You can either clone the public repository:

$ git clone git://github.com/carlomazzaferro/racket

Or download the tarball:

$ curl  -OL https://github.com/carlomazzaferro/racket/tarball/master

Once you have a copy of the source, you can install it with:

$ python setup.py install

Concepts

The project is built with the premise of getting to a working prototype quickly without sacrificing flexibility.

This is achieved by leveraging the full capabilities of TFS while enabling the user to interact with a simple, expressive API.

Model Versioning

TFS has as one of its features model discovery. Namely, if a new model gets persisted in the directory where models have been specified to live (done usually in a Docker file (see here for more details), and the subdirectory of the model path has a number strictly greater than the existing folders, it will automatically load it.

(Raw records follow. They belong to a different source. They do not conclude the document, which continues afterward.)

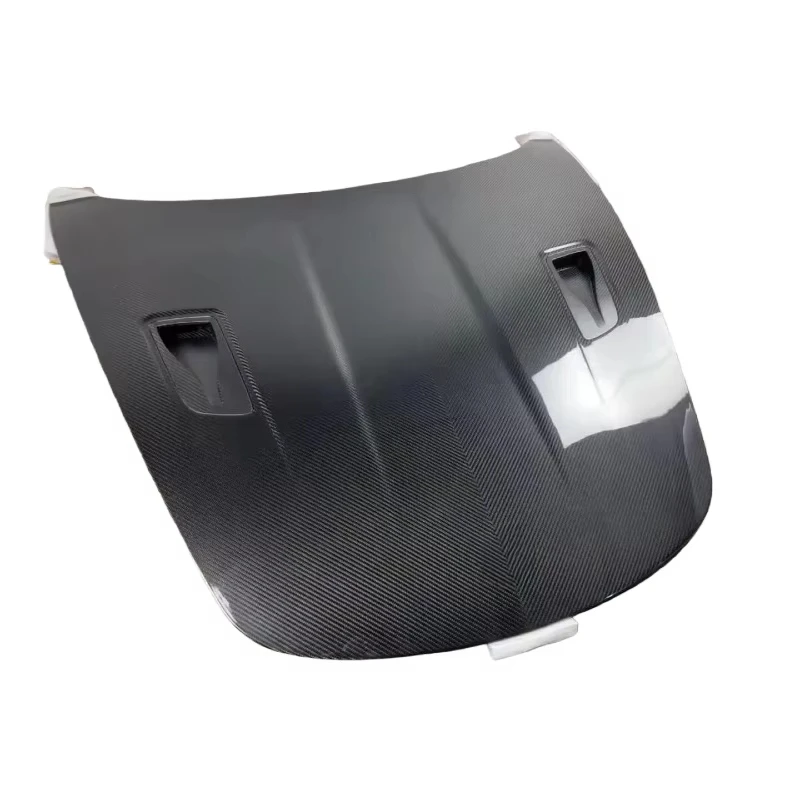 RS Style Dry Carbon Fiber Hood for Porsche 718 982 Cayman Boxster New Auto Parts with Engine Ventilation Cover Bonnets
RS Style Dry Carbon Fiber Hood for Porsche 718 982 Cayman Boxster New Auto Parts with Engine Ventilation Cover Bonnets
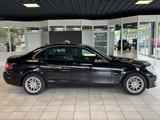 Mercedes-Benz C 220 CDI Lim. BlueEfficiency · 1. Hand · Navi - Mercedes-Benz C 220: Cdi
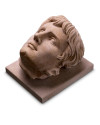 Bust of Emperor Augustus H26cm (арт.TM0067) The MET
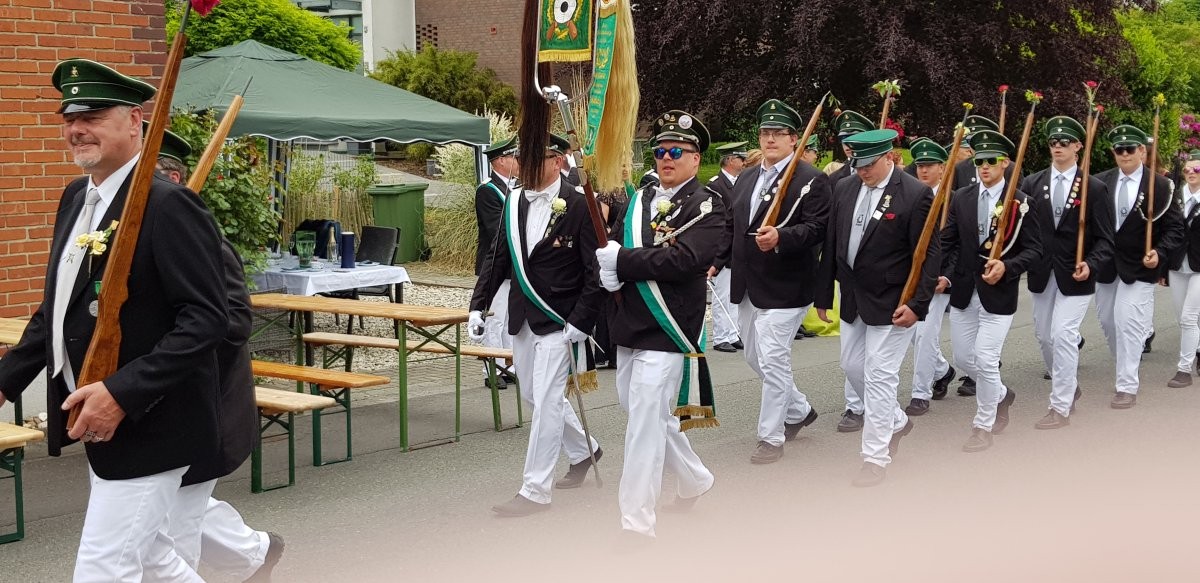 Schützenfest 2019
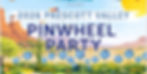 Prescott Valley Pinwheel Party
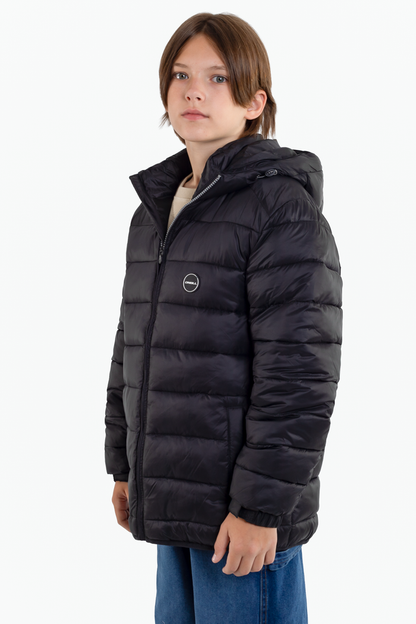 Campera Jacob O'Neill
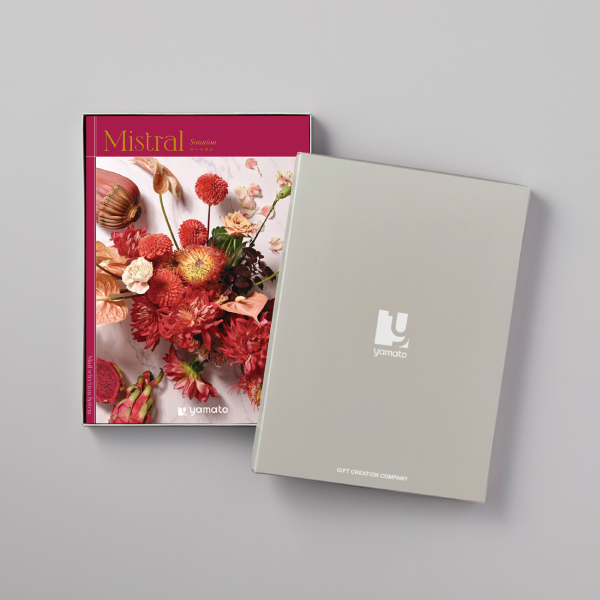 カタログギフト ミストラル スーニオン | 内祝い・お祝い・ギフト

Although useful, this formulation is clearly quite inflexible. If you want to modify the discovery scheme, you’d have to fiddle with TFS’s C++ API. If instead you’d like to roll back models, you may have to create a new directory or modify the existing ones.

Racket instead abstracts away TFS the versioning schematics and allows the user to simply define the model version when instantiating a new model, while allowing the user to any specific version with a single cli command.

Model versions in racket follow semantic versioning and are supplied to it as strings.

Learners

Apart from the CLI and the RESTful access layer, most of the public API revolves around the Learner set of classes. These essentially define the patterns of interaction between the code that generates the models and the filesystem/database.

The idea is letting the user define the core of their needs (i.e., the learner’s architecture) while getting for free the storage, versioning, and serving capabilities.

A Word on Persistence

The project relies heavily on SQLAlchemy to manage model metadata. I’ve found it to greatly reduce complexity when managing a relatively high number of models, as it makes it extremely easy to query for, and reason about the existing models. As a default, the project will use SQLite as its default data store, but that can be changed very easily by changing the configuration and specifying a database backend in the racket.yaml file, which gets generated automatically once the racket init command gets called.

Usage

While the DemoVideo provides a quick overview of the functionality of racket, this document will explain in detail the steps of the demo, and provide resources to learn more about the inner workings of the project.

Starting a New Project

From the command-line:

racket init --name project-name --path path/to/directory

Will create a directory named project-name in the the specified path with all the required files to start serving models. Of particular note, the directory will have the following files:

docker-compose.yaml
Dockerfile
racket.yaml
regression.py
classification.py
.gitignore

To start TensorFlow Serving (TFS), run:

docker-compose up --build

Add the -d flag if you’d like to run it on the background.

Serving Your First Model

To create a new model, you can edit the classification.py or the regression.py. Those files define very basic Keras models, but they have a few quirks. Namely, the class definition inherits from the classracket.KerasLearner, which provides built in functionality to store models in a suitable format for TFS, as well as functionality to store metadata and historical scores of the model. The methodracket.KerasLearner.store() is responsible for this functionality.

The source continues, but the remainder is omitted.